Sín embargo, entonces como ahora, aunque los politicos califican de «profanación» lo ocurrido y los ciudadanos piden represalias, es de todos sabido que en esta nación, donde se respeta la Ley de Libertad de Prensa hasta sus límites más extremos, nada ni nadie puede intervenir para remediar esa ofensa a la Monarquía. El único camino sería una demanda contra los diarios que publican esas fotos.
Por si esto fuera poco la televisión danesa informó ayer que, según el director de la citada revista, este mismo lunes se pondrá a la venta un número especial con todas y cada una de las instantaneas originales, son nada menos que 29, protagonizadas por esa mujer.

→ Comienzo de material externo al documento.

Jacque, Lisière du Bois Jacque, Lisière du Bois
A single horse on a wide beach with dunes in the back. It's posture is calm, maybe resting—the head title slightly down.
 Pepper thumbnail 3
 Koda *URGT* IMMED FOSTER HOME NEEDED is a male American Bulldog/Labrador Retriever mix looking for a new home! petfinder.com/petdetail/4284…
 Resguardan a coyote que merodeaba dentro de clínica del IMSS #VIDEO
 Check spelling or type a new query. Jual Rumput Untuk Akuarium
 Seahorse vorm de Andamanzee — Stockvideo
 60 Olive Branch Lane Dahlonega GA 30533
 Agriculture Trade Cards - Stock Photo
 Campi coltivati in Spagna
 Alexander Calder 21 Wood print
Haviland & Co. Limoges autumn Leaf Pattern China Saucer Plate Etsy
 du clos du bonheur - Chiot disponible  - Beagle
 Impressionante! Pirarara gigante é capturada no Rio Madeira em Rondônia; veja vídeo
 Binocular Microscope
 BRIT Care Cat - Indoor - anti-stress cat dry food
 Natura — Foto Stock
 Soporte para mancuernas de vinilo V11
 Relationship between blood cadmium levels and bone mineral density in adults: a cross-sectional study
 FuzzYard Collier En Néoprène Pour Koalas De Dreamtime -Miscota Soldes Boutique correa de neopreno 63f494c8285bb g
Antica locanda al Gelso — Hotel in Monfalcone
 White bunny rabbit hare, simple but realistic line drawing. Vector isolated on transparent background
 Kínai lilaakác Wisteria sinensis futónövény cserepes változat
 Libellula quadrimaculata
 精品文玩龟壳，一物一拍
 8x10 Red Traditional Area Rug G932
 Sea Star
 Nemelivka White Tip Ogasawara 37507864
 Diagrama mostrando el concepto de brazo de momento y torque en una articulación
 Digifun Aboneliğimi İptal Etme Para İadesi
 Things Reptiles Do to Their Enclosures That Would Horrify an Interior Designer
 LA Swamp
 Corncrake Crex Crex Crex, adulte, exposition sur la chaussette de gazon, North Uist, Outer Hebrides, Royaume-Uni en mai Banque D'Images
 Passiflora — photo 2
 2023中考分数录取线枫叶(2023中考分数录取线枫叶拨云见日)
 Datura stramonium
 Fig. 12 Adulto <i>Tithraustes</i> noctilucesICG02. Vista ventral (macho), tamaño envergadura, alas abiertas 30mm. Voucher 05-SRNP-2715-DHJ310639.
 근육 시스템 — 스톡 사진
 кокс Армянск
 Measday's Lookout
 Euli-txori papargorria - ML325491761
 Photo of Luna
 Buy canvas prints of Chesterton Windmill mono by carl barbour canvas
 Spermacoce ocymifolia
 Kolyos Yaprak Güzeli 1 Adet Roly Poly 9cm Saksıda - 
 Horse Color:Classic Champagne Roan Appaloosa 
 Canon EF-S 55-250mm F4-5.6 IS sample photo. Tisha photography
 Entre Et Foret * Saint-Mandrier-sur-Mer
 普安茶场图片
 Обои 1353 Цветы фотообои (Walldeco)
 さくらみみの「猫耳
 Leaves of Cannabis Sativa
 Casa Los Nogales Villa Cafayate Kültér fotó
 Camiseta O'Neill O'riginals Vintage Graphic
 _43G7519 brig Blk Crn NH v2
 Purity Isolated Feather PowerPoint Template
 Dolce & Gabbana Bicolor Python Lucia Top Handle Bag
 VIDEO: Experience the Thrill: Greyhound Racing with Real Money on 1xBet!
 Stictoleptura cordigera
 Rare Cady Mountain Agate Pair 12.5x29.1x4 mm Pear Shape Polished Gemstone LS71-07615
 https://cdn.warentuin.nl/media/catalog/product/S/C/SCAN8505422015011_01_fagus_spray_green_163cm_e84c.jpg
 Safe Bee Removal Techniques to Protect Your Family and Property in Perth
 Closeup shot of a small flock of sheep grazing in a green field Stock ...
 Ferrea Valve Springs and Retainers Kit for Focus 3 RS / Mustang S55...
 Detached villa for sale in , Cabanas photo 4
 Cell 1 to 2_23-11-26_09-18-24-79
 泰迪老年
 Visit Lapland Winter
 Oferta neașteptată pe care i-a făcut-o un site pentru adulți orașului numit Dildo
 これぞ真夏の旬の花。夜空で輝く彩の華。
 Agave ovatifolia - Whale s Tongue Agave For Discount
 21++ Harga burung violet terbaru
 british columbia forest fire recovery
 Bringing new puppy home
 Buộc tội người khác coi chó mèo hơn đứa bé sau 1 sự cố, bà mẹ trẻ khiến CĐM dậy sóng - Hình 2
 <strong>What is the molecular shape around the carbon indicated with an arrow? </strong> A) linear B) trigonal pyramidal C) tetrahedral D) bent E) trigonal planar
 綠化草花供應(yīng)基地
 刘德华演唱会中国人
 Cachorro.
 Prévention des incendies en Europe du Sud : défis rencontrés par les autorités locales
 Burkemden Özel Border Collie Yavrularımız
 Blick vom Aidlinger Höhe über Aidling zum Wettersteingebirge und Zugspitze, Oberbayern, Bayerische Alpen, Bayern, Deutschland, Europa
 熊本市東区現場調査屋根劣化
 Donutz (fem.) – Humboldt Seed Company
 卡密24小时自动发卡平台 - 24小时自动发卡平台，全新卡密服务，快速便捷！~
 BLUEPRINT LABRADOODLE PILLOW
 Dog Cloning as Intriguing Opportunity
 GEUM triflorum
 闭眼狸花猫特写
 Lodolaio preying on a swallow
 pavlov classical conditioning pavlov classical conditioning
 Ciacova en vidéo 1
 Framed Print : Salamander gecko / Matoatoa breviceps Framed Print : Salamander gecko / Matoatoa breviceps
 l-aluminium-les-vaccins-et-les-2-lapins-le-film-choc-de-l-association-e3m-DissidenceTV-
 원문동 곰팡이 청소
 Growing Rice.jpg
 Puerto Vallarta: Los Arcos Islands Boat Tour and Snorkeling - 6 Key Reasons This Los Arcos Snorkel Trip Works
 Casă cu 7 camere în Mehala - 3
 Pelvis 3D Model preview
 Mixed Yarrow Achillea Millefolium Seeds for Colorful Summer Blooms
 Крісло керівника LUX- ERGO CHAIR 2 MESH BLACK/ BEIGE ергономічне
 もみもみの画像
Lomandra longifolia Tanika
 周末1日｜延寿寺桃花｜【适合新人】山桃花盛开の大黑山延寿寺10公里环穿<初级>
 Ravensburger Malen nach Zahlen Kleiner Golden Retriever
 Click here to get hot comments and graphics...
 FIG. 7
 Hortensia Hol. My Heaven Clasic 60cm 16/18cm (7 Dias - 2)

Al margen de la indignación general y del terremoto informativo que han generado esas instantaneas que rozan lo pornográfico, nadie se explica como se han burlado las barreras de seguridad que rodean Christianborg, o Castillo de Christian. Jens Greve, administrador de la fortaleza ha comentado que «todo es un misterio» y que, aunque esos sistemas son excelentes, se revisará el proceso de seguridad y alarma.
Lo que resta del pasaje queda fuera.